Photophysical Properties of Ag(I) Size-tunable Covalent Porphyrinic Cages and their Encapsulation Complexes

Functional systems based on molecular capsules have shown a great potential as nanoreactors, molecular recognition systems or drug carriers since they provide a confined a three-dimensional environment that enhance molecular reactivity. The components that define these functional systems are not only structural, but active species can be selected to shape the activity within the cavity. One manner of controlling the binding and delivery of a guest molecule is to incorporate constituents of the molecular capsule that can respond to an external stimulus by provoking a conformational change that modifies the host encapsulation properties.

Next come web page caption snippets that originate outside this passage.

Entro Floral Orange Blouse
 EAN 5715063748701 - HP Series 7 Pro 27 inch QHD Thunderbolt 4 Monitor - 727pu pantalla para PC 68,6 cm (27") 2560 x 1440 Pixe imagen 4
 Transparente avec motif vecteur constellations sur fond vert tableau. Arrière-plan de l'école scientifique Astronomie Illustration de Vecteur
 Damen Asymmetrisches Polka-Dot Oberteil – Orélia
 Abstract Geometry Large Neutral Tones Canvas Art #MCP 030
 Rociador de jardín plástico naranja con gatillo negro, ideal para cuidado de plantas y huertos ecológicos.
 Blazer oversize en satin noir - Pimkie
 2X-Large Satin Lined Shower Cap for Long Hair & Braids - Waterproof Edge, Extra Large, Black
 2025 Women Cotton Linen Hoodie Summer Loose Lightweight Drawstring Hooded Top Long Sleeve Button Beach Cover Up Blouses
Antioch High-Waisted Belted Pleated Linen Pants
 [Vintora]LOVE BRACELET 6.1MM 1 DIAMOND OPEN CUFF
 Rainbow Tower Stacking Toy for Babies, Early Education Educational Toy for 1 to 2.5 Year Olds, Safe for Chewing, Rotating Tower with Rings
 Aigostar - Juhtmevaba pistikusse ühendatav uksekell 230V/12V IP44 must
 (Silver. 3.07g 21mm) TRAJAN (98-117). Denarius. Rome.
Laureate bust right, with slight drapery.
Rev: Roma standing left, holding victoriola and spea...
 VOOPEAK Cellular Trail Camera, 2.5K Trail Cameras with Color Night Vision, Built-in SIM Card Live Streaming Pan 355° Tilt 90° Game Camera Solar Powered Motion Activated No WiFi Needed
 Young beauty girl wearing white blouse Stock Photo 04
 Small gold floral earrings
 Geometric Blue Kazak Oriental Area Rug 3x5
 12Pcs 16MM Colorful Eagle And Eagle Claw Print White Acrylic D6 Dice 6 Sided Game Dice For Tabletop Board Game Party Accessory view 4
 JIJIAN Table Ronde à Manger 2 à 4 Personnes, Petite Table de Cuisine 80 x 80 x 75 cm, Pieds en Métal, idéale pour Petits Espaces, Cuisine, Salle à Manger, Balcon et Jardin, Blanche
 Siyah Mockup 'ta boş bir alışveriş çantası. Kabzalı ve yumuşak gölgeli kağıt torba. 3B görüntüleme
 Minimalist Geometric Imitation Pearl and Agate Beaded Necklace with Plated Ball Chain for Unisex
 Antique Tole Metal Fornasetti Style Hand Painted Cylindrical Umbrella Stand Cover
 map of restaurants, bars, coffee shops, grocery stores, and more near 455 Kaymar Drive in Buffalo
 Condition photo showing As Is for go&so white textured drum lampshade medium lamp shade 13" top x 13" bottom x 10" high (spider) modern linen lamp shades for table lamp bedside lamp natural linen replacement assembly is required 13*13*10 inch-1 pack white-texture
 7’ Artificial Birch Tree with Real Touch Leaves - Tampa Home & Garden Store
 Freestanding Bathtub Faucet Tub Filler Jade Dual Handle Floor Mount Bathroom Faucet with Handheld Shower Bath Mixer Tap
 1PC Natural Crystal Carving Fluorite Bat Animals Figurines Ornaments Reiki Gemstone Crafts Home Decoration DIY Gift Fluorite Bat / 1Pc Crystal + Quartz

Among the possibilities of designing molecular cages, metalated or free-base porphyrins are attractive due to their chemical stability provided by covalent structures and the expected ?-? interactions or coordination bonds with guest molecules. We recently reported on the photophysical properties of four flexible bis-porphyrin covalent cages incorporating either Zn metalated or free-base porphyrins, linked by 1,2,3-triazolyl ligands, and of their Ag(I) complexes.2 Here we report on the process of encapsulation of a guest (ethionamide, an antibiotic), followed by absorption and emission spectroscopy, once the cavity of the cage is enlarged by the addition of Ag(I). The photoinduced processes occurring in the host-guest systems will be discussed.